There are a variety of ways of dealing with the world and looking at the world. One way is with a narrow or simplistic lens. Sometimes this is called either/or thinking. The idea is that there is an us and a them. And everyone is either with us or with them.
In discussions, if you can call them that, the point is to figure out who your friends are and who your enemies are. When discussing topics, the point is to win because what else would there be? It’s all or nothing after all. A fixed quotient. One side has 100% of correctness with it, and the other has 0%. And there certainly isn’t any room for growth. There is already 100%.

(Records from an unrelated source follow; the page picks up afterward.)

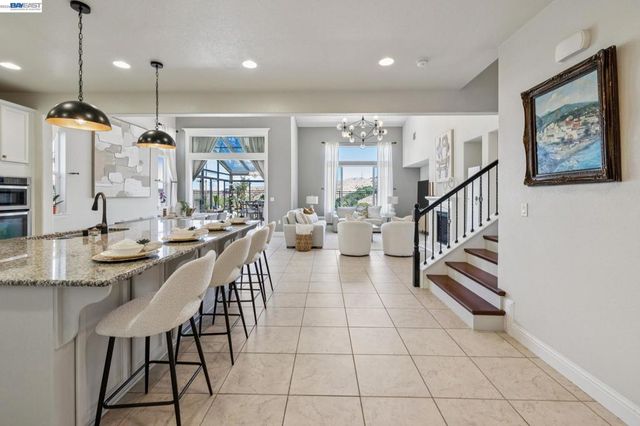 130 Benmore Dr, Hayward, CA 94542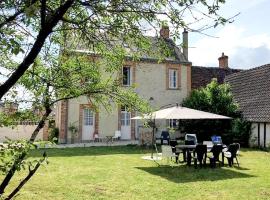 Awesome Home In Saint-vitre With Wifi, hotell i Saint-Viâtre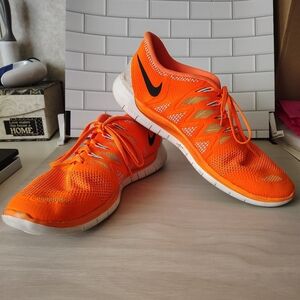 Nike Orange 5.0 Mesh Running Shoes with Black Swoosh Size 15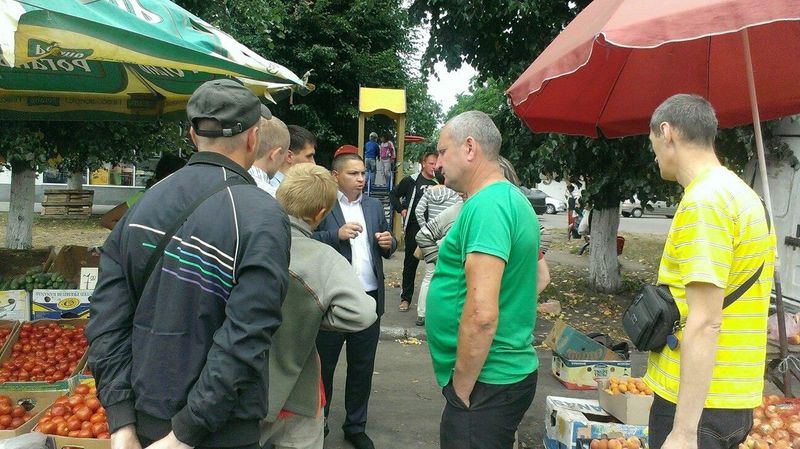 Город: Житомирская власть пытается убрать стихийную торговлю возле рынка «Хмельники»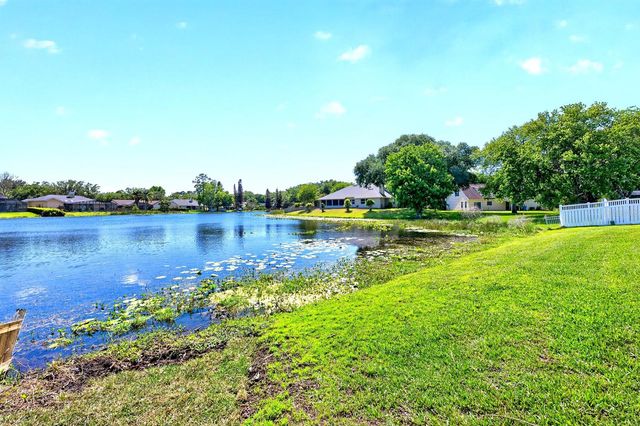 1047 WILLA LAKE CIRCLE, Oviedo, FL 32765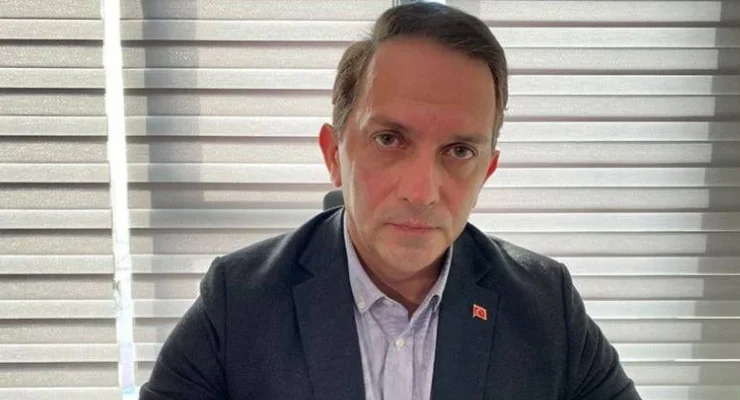 Mücahit Birinci Özgür Özel’e Parmak Salladı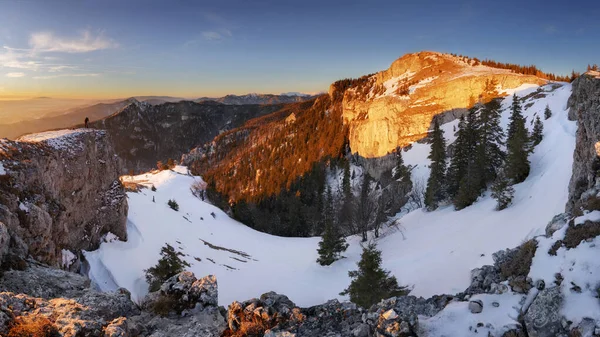 Eslováquia montanha no inverno, pico Tlsta ao pôr do sol, Fatra — Fotografia de Stock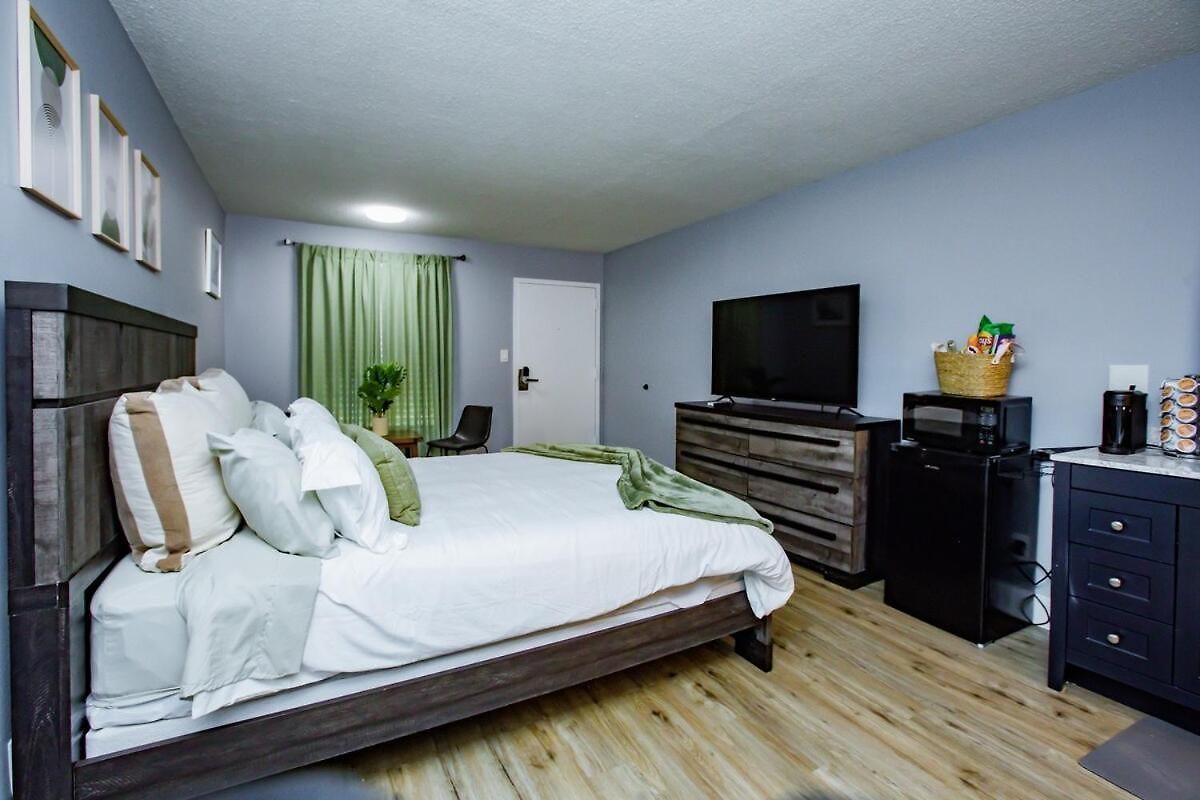 Relaxing Mins From Local Parks And Hospitals, 2410 Charlotte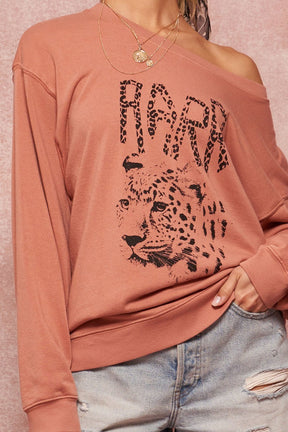 Un sweat-shirt graphique en tissu French Terry teint en pièce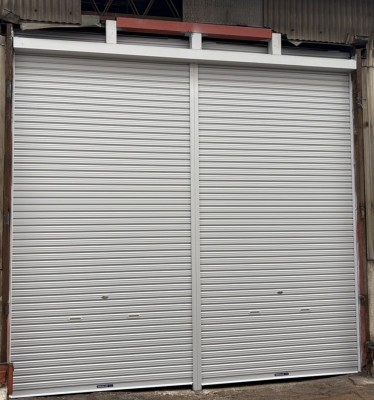 倉庫　手動シャッター　新規設置工事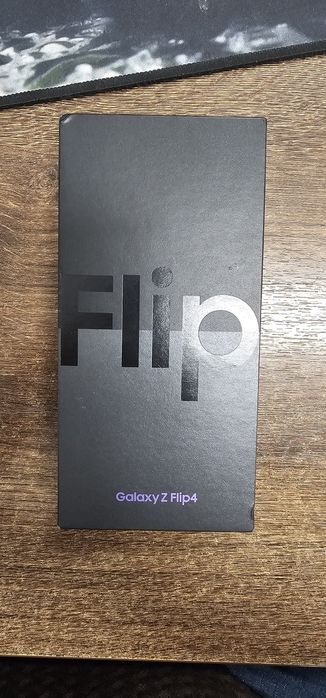 Vând Samsung Galaxy Z Flip4 (SM-F721B) - 256 GB / 8 GB RAM - IMPECABIL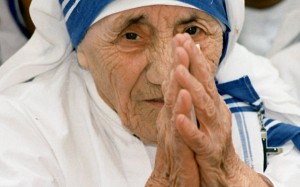 De asemenea, fluxurile financiare care treceau prin fondurile Maicăi Tereza tranzitau conturi bancare despre care nu se cunoaşte aproape nimic.
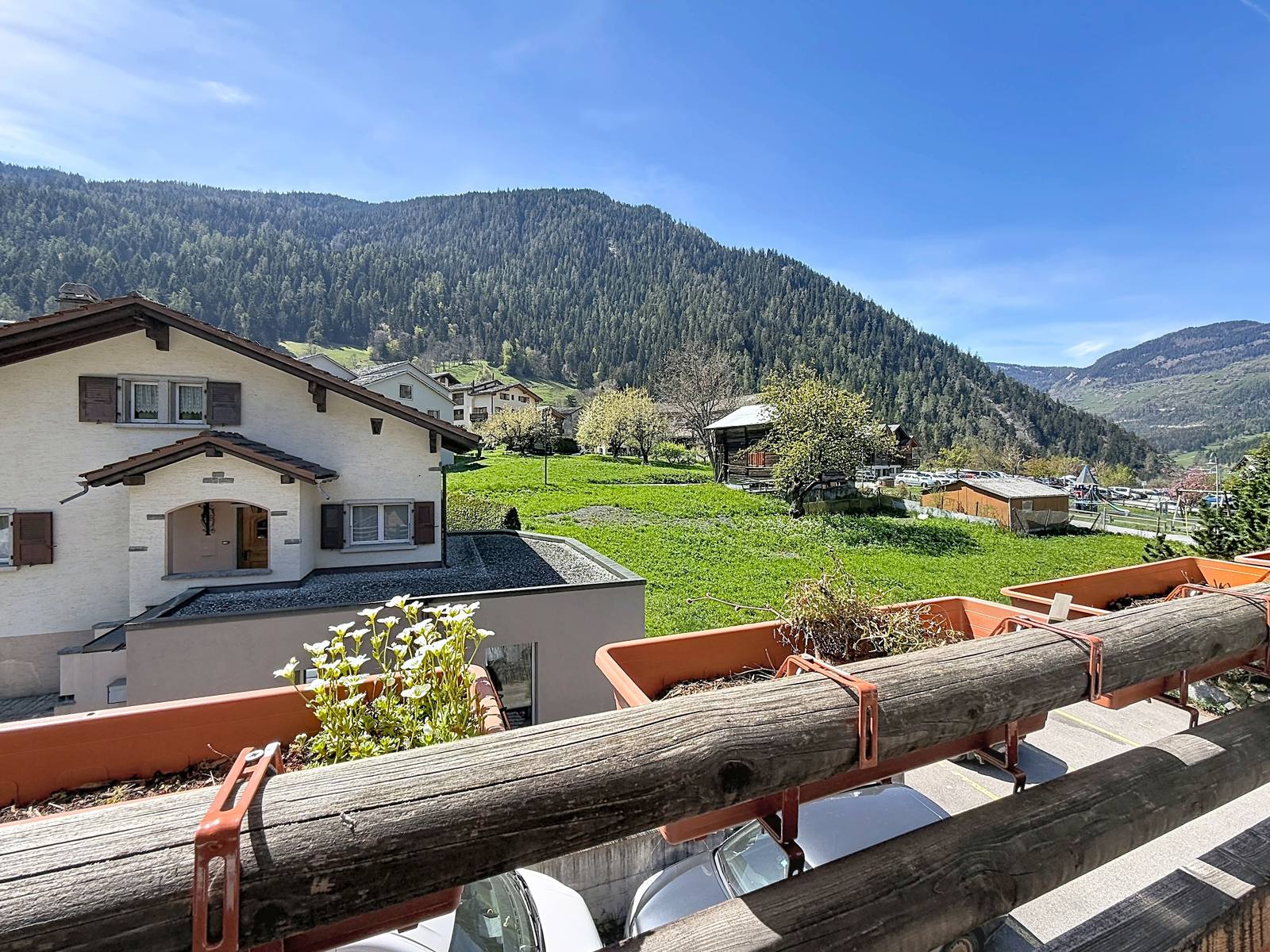 Vue plein sud depuis la terrasse, sur le vallon boisé et les hauts de Bagnes.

And you’d think that winning would bring things to an end. That’s what logic would you one to conclude. We won the argument — we are done! It is over. But have you ever experienced a true ending with any either/or way of thinking or the people who espouse it? I haven’t. Rather, it just goes on and on and on — forever. There is never an ending. There’s always another enemy, another clash, another argument, another fight, another war, another, another, another… Another them. Always. It never ends. For infinity.
There is never sabbath rest. Never shalom — wholeness, completeness, enough. There is never peace. There is never the kingdom of God. Never.
Why do we legitimize this mindset? Why do we pick sides, as if picking sides will ever resolve the situation and bring it to a conclusion? It won’t.
Instead, let us create situations that offer complexity and perplexity. Let us offer confusion to either/or, purposefully — not with ill intent, but with intent of showing that there is more that either/or. It’s not about offering an alternative, as if either/or is the legitimate standard. It is not. It is just common. There are better ways to approach the world and life. Healthier ways.
Winning isn’t everything. Especially when it doesn’t ever bring conflict to an end. And it doesn’t ever bring satisfaction.
Embody other ways. God’s ways. Shalom ways. Grace. Mercy. Love. Charity. These go far beyond either/or. They make room for something that either/or can’t comprehend — enough.